**Exercise instructions**
Write the data out again exactly, with no pictures.

**Source material**
* * * * * * *

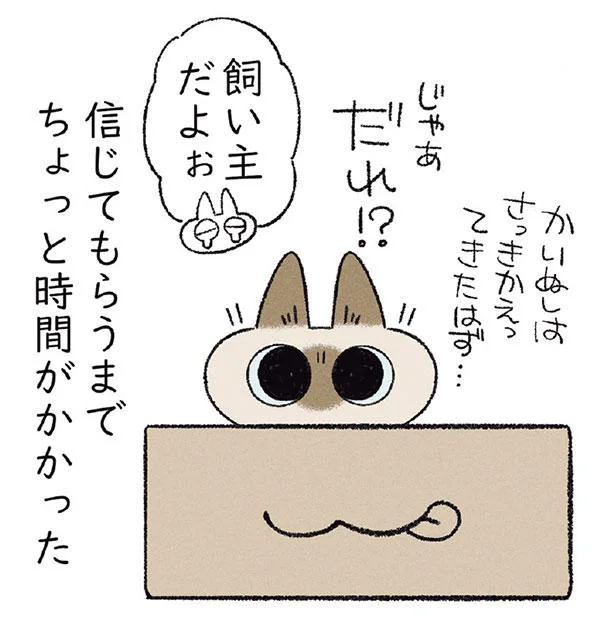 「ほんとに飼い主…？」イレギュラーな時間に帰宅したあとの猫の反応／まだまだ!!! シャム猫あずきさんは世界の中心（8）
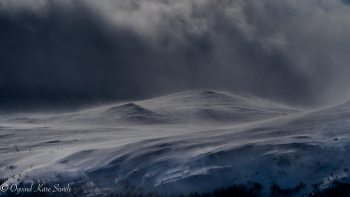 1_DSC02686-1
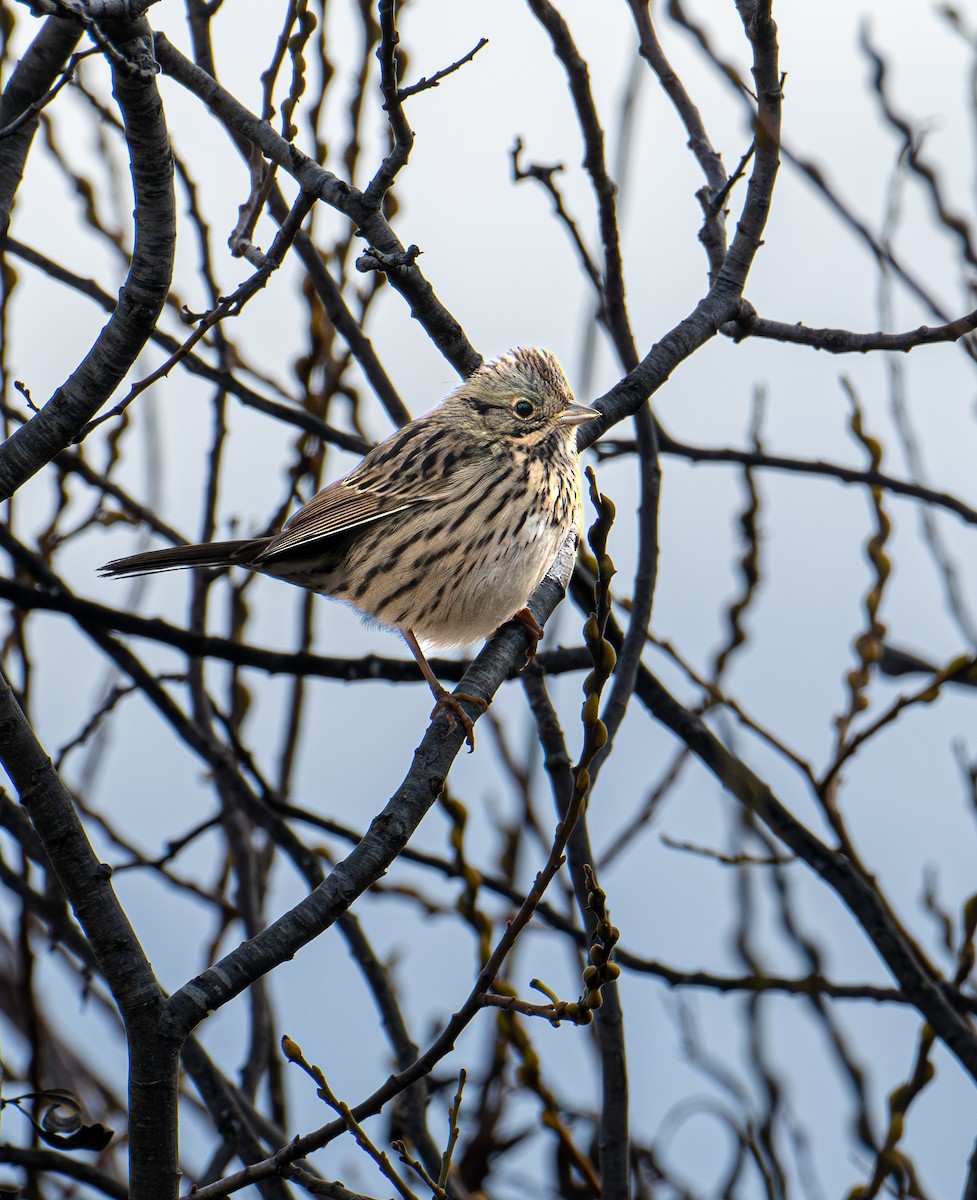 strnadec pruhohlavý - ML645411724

* * * * * * *

**Output below**
 「ほんとに飼い主…？」イレギュラーな時間に帰宅したあとの猫の反応／まだまだ!!! シャム猫あずきさんは世界の中心（8）
 1_DSC02686-1
 strnadec pruhohlavý - ML645411724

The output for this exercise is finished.